In 1979, Congress authorized the FAA to work with major commercial airports to define noise pollution contours and investigate the feasibility of noise mitigation by residential retrofit programs. Throughout the 1980s, these charters were implemented.

In the 1990s, satellite technology received increased emphasis in the FAA's development programs as a means to improvements in communications, navigation, and airspace management. In 1995, the agency assumed responsibility for safety oversight of commercial space transportation, a function begun eleven years before by an office within DOT headquarters. The agency was responsible for the decision to ground flights after the September 11 attacks.

=== 21st century ===
In December 2000, an organization within the FAA called the Air Traffic Organization, (ATO) was set up by presidential executive order. This became the air navigation service provider for the airspace of the United States and for the New York (Atlantic) and Oakland (Pacific) oceanic areas. It is a full member of the Civil Air Navigation Services Organisation.

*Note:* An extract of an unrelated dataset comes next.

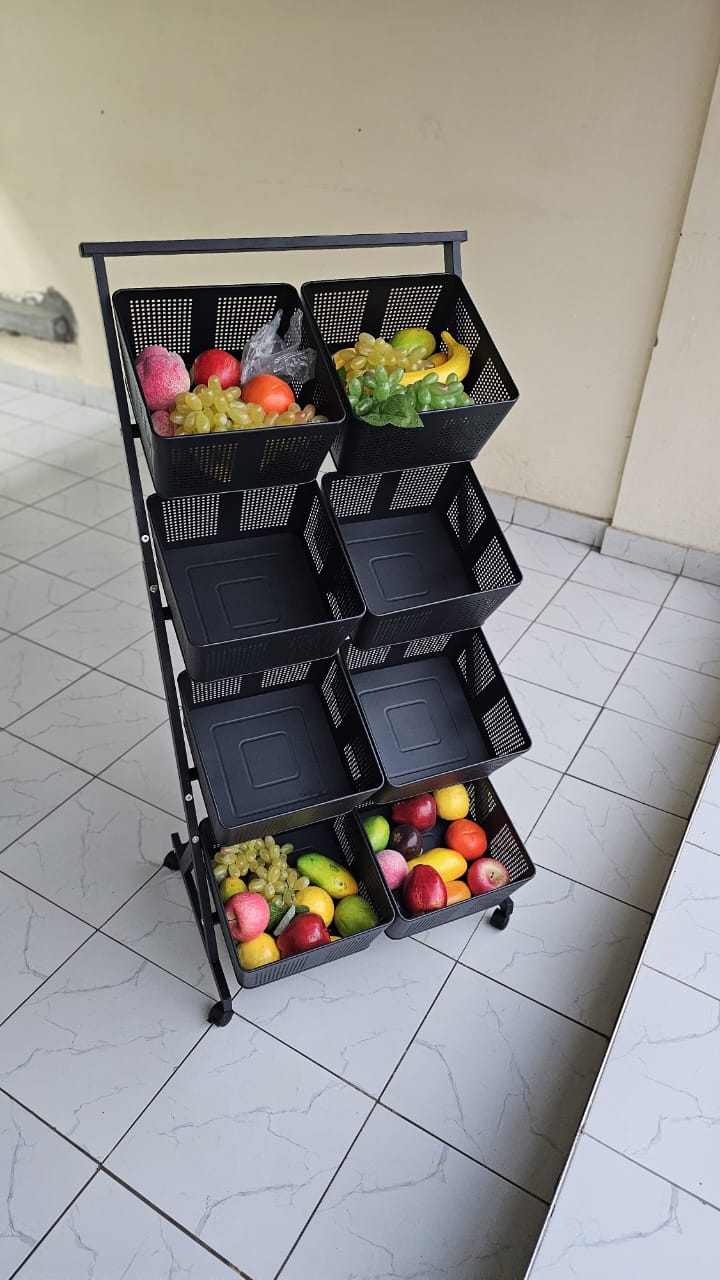 360° Rotating Multifunctional Metallic Vegetable/Fruits Cart Storage Rack 360° Rotating Multifunctional Metallic Vegetable/Fruits Cart Storage Rack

The FAA issues a number of awards to holders of its certificates. Among these are demonstrated proficiencies as an aviation mechanic (the AMT Awards), a flight instructor (Gold Seal certification), a 50-year aviator (Wright Brothers Master Pilot Award), a 50-year mechanic (Charles Taylor Master Mechanic Award) or as a proficient pilot. The latter, the FAA "WINGS Program", provides a lifetime series of grouped proficiency activities at three levels (Basic, Advanced, and Master) for pilots who have undergone several hours of ground and flight training since their last WINGS award, or "Phase". The FAA encourages volunteerism in the promotion of aviation safety. The FAA Safety Team, or FAASTeam, works with Volunteers at several levels and promotes safety education and outreach nationwide.

On March 18, 2008, the FAA ordered its inspectors to reconfirm that airlines are complying with federal rules after revelations that Southwest Airlines flew dozens of aircraft without certain mandatory inspections. The FAA exercises surprise Red Team drills on national airports annually.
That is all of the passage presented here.